• _WHAT YOU HAVE TO DO_
Starting at the line that contains "10 des plus", set down each line exactly until the records end, keeping both ends and adding nothing.

Data records:
-- Opening Marker --
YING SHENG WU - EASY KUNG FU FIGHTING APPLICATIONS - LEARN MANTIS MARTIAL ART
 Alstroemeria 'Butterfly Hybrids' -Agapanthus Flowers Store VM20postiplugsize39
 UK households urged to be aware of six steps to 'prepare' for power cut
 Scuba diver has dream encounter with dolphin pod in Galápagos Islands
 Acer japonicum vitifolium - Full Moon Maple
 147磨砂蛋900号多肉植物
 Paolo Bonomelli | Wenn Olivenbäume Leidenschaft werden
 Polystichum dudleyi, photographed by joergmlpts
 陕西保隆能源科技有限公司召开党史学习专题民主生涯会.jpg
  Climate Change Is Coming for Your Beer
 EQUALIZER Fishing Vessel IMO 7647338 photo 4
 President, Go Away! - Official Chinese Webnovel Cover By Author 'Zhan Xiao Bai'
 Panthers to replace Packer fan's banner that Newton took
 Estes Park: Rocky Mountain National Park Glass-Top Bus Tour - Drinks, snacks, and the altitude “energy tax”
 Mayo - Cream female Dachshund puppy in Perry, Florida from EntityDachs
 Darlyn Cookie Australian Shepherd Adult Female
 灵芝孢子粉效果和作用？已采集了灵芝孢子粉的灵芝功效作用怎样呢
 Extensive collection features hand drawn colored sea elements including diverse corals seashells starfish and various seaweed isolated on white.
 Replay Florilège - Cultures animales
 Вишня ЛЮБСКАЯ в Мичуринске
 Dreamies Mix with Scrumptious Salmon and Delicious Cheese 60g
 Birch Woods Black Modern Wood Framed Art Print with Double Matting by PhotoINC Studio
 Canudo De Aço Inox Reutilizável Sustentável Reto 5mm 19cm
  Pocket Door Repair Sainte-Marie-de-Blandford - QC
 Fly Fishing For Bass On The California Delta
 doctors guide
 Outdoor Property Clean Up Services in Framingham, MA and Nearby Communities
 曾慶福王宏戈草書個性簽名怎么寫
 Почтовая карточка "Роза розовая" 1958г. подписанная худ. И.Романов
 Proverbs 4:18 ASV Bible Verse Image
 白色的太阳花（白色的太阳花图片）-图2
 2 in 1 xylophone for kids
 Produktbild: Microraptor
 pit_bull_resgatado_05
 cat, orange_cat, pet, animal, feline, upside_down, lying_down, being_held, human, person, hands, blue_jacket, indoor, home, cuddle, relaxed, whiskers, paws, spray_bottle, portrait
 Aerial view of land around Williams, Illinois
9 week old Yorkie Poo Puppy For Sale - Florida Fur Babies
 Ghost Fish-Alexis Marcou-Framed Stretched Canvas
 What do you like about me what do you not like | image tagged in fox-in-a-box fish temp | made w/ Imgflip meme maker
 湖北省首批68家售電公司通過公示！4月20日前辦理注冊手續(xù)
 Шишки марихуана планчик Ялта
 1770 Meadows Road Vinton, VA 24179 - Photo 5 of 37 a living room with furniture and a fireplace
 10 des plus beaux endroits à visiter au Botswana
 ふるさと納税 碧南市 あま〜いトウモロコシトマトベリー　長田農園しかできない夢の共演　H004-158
-- Closing Marker --
• _WRITTEN SOLUTION_
 10 des plus beaux endroits à visiter au Botswana
 ふるさと納税 碧南市 あま〜いトウモロコシトマトベリー　長田農園しかできない夢の共演　H004-158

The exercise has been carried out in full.